Your output should be the lines from the one with "In Automatic mode, there" through the last line of the records below, exactly as written, minus the pictures.

Records drawn from a dataset:
• • • • • • •

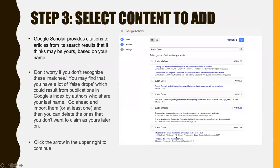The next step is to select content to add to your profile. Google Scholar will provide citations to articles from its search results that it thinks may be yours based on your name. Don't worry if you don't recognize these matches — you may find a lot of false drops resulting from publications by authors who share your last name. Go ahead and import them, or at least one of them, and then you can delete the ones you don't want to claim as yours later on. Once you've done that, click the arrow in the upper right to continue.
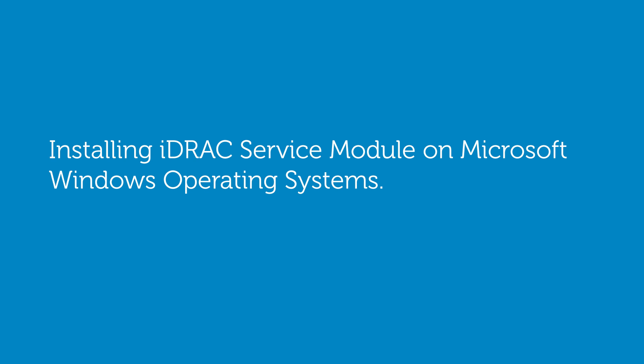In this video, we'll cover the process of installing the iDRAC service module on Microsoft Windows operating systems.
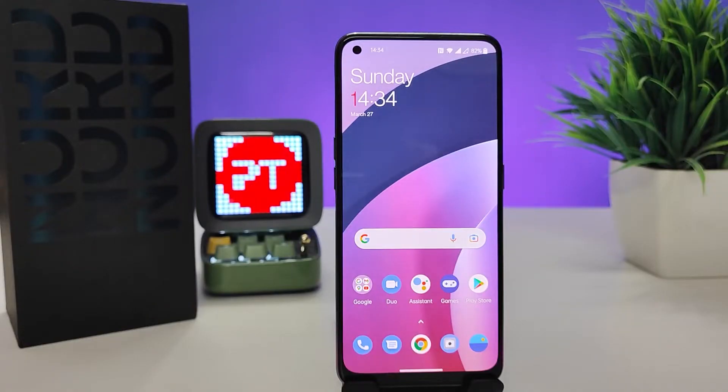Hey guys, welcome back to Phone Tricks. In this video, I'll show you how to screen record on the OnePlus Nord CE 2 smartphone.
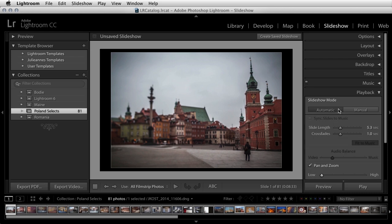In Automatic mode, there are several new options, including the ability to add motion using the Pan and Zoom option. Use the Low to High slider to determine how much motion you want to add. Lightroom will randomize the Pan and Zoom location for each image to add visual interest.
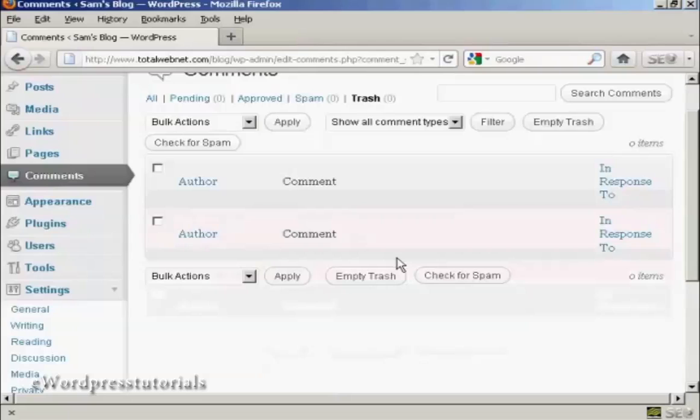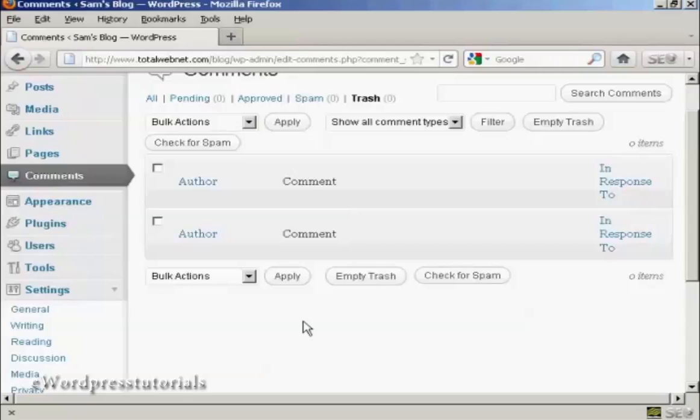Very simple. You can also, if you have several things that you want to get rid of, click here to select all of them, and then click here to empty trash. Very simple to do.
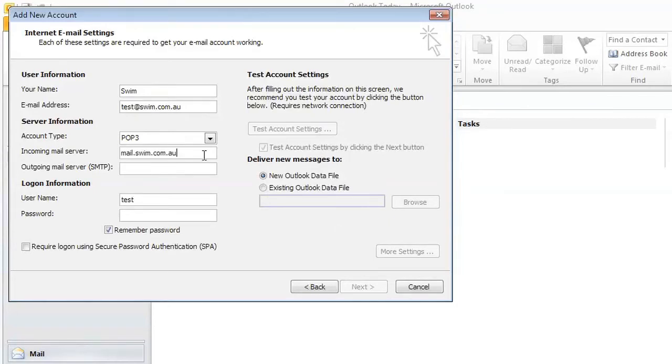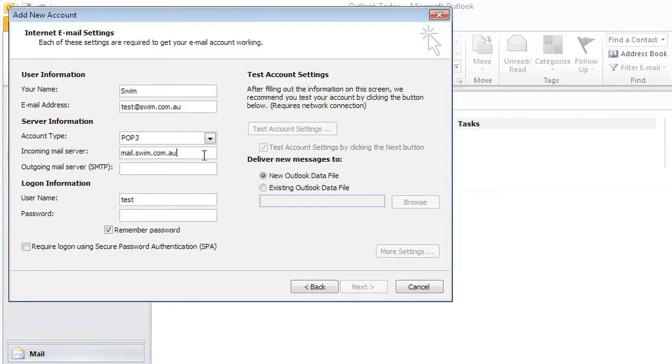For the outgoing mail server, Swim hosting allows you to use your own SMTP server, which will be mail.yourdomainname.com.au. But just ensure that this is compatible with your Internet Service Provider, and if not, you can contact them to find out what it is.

• • • • • • •

• EXERCISE SOLUTION:
In Automatic mode, there are several new options, including the ability to add motion using the Pan and Zoom option. Use the Low to High slider to determine how much motion you want to add. Lightroom will randomize the Pan and Zoom location for each image to add visual interest.
Very simple. You can also, if you have several things that you want to get rid of, click here to select all of them, and then click here to empty trash. Very simple to do.
For the outgoing mail server, Swim hosting allows you to use your own SMTP server, which will be mail.yourdomainname.com.au. But just ensure that this is compatible with your Internet Service Provider, and if not, you can contact them to find out what it is.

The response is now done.